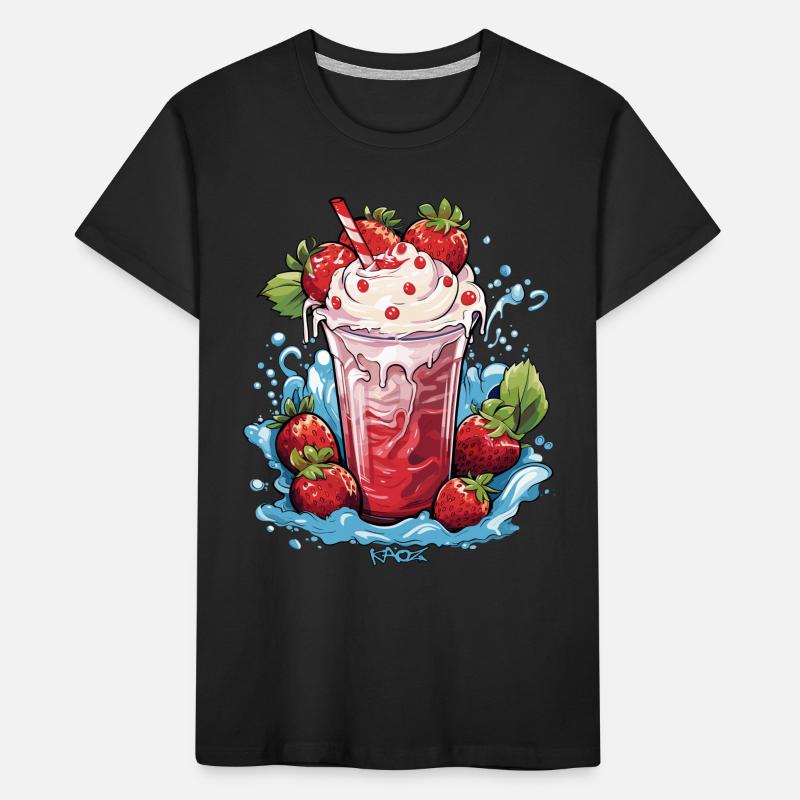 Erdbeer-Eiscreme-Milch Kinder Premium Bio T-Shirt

== == ==

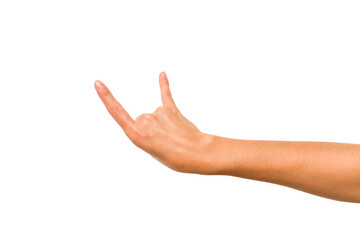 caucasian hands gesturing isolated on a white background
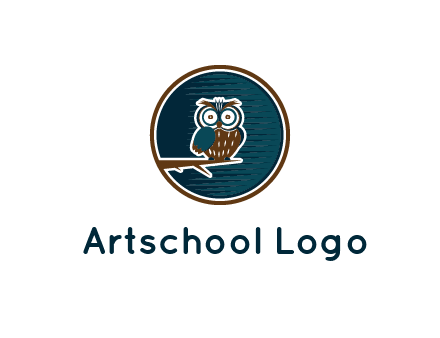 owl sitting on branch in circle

== == ==

Taking the records above, print only and exactly the lines from the line with "caucasian hands gesturing" to the line with "owl sitting on branch in circle", both kept, and exclude pictures.

— Completed task —
 caucasian hands gesturing isolated on a white background
 owl sitting on branch in circle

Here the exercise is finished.